I found another question that asked for the same type of functionality, but the question is more than 2 years old so I was wondering if anybody has seen anything since then.
I've basically written my own asynchronous http/socket client using the standard .NET sockets. I maintain a pool of 1024 sockets and I have 128 "service" threads using the pool of sockets to download web pages from the internet at a rate of up to 371 pages per second (just tested it today on a single Amazon's EC2 server). I also made another asynchronous HTTP client which uses HttpWebRequest
to asynchronously download web pages, but it's SIGNIFICANTLY slower: my throughput is on average about 50 pages per second (also tested on Amazon's EC2) using the same setup: 1024 pooled HttpWebRequest
s and 128 "service" threads.
Naturally, providing HTTP protocol support will take up some more processing power and memory. I'm hoping that with Amazon's Extra Large EC2 server I will not be restricted by the processing power/memory, but by the network bandwidth only (which has been the case so far).

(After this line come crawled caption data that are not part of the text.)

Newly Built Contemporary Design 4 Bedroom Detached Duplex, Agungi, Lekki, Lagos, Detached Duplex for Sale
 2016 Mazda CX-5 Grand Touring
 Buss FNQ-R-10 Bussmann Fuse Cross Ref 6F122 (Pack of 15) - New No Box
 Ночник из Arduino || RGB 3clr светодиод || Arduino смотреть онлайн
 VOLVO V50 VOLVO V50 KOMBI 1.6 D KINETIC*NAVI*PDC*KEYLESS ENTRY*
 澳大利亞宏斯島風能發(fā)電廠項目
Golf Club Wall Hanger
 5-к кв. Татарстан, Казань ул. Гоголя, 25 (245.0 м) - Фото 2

An example of the the machine(s) that I'm using is Amazon's High-CPU Extra Large Instance:
- 7 GB of memory
- 20 EC2 Compute Units (8 virtual cores with 2.5 EC2 Compute Units each)
- 1690 GB of instance storage
- 64-bit platform
- I/O Performance: High
- API name: c1.xlarge
I can write my own HTTP processing which complies with the HTTP protocol, but it will save me a TON of work, pain and suffering if there is an off-the-shelf solution that is fast and robust.
I need the following functionality at the very minimum:
- Build an HTTP HEAD/GET (and maybe POST) requests
- Parsing of HTTP Response from binary stream
- Supports cookies
- LGP license (LGPL)
Does anybody know of any such solutions?